# Listed entries:
───

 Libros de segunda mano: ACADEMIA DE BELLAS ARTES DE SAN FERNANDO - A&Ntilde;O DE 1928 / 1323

───

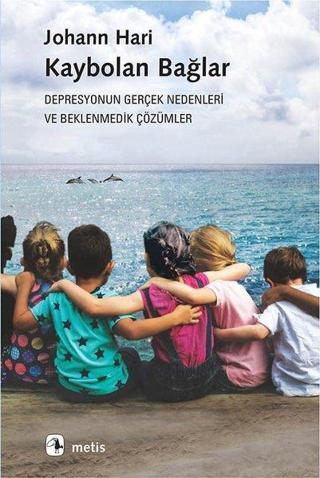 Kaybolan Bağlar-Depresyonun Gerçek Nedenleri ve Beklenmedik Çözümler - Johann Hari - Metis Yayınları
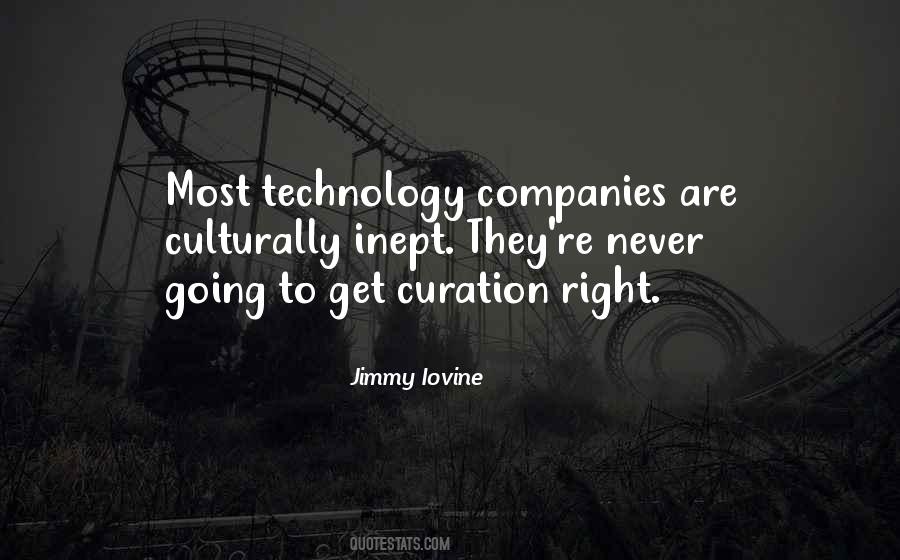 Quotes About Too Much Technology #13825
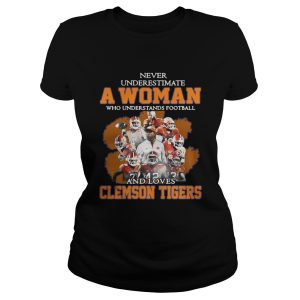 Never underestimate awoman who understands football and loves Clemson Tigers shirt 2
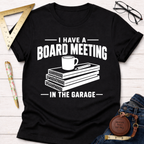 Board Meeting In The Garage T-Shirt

───

# Exercise objective:
Beginning with the line above that contains "Kaybolan Bağlar-Depresyonun Gerçek" and ending with the line that contains "Board Meeting In The Garage T-Shirt", quote each line exactly, keeping out the pictures.

# Your response:
 Kaybolan Bağlar-Depresyonun Gerçek Nedenleri ve Beklenmedik Çözümler - Johann Hari - Metis Yayınları
 Quotes About Too Much Technology #13825
 Never underestimate awoman who understands football and loves Clemson Tigers shirt 2
 Board Meeting In The Garage T-Shirt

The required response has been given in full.